Möglichst unauffällig wische ich die Armlehne ab, damit mein Sitznachbar nicht merkt, dass meine Hand dort Angstschweiß hinterlässt. Ich lese den Satz in meinem Lieblingsbuch jetzt schon zum vierten Mal, als endlich die Triebwerke beginnen, anzuschieben. Den Moment des Abhebens von der Startbahn empfinde ich tatsächlich als erhebend – zwar nicht erfreulich, aber doch bedeutsam. Die letzte Berührung mit Mutter Erde? Danach geht es für mich bergab, je steiler der Steigflug, je höher die Flughöhe. Nur das Landen ist noch schlimmer.
Ich habe Flugangst und sie begleitet mich lange.
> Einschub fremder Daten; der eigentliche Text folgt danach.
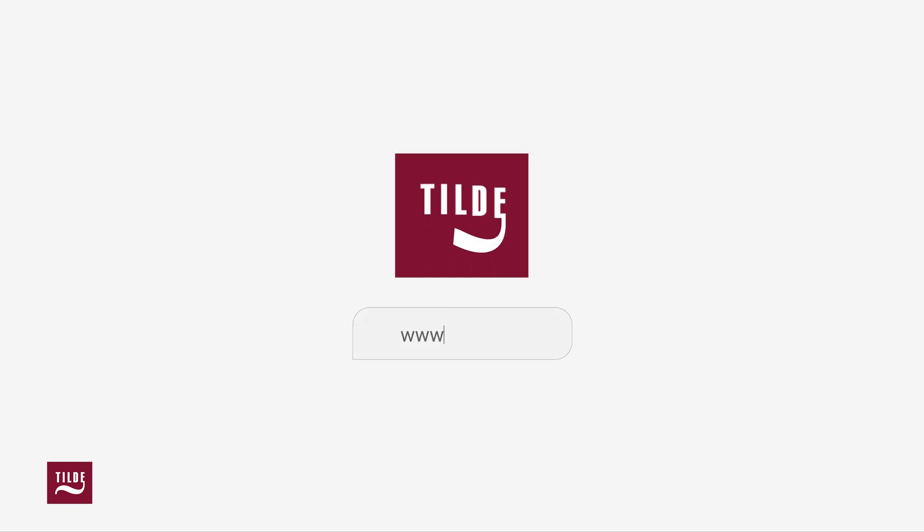Still thinking? Time is money. Contact us for more information. We'll see you next week.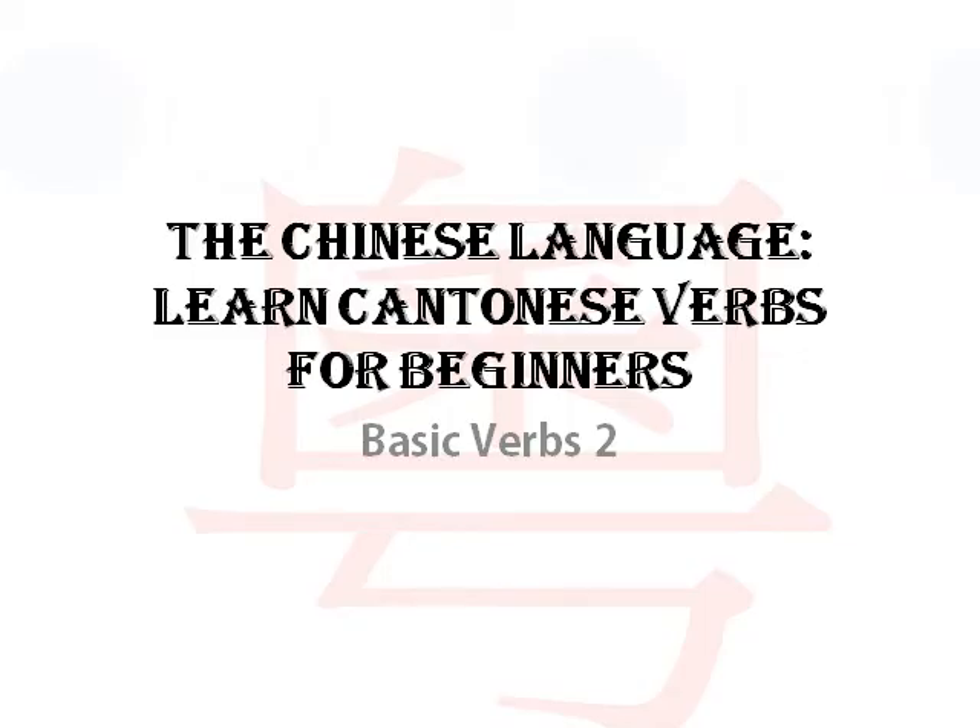Hello everyone. Welcome to the Chinese language. Learn Cantonese verbs for beginners - basic verbs, round 2.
Es ist eine Art Ikarus-Urtrauma, mein ganz persönlicher Einspruch gegen diese Überheblichkeit: Warum bilden wir uns ein, uns derart über die Schwerkraft hinwegsetzen zu können? Einfach einzusteigen in diese Raumkapsel, die uns für ein paar Tage innerhalb lächerlich weniger Stunden wegbringt von hier? In Metropolen, nur einen Kulturschock entfernt? Sich dabei hinwegsetzend über Kriegsgebiete und Autokratien, über Weltmeere und Gebirgsketten? Eine Zeit lang hatte ich beruflich viele Flüge zu absolvieren, 20 bis 30 pro Jahr, davor jedesmal existenzielle Angst und Ungläubigkeit.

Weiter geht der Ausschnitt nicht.